<<<<

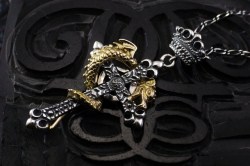 フラメルの十字架にかけられた金の蛇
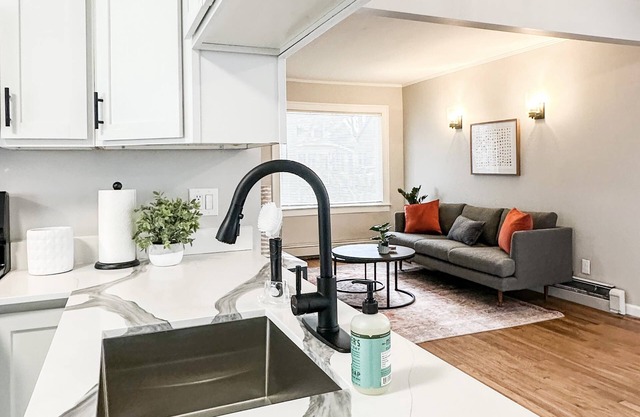 22002 Rosedale Summar
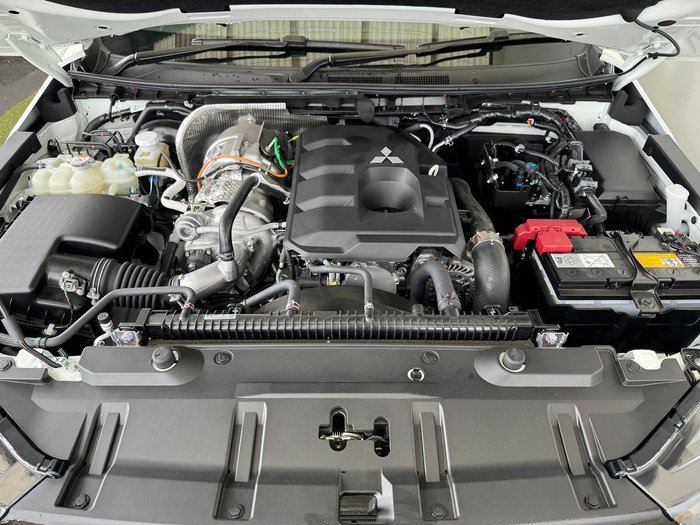 2025 Mitsubishi Triton GLX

>>>>

_HOW TO COMPLETE THIS TASK_
Quote the material word for word, dropping any images it holds.

_SOLUTION FOR THIS PROBLEM_
 フラメルの十字架にかけられた金の蛇
 22002 Rosedale Summar
 2025 Mitsubishi Triton GLX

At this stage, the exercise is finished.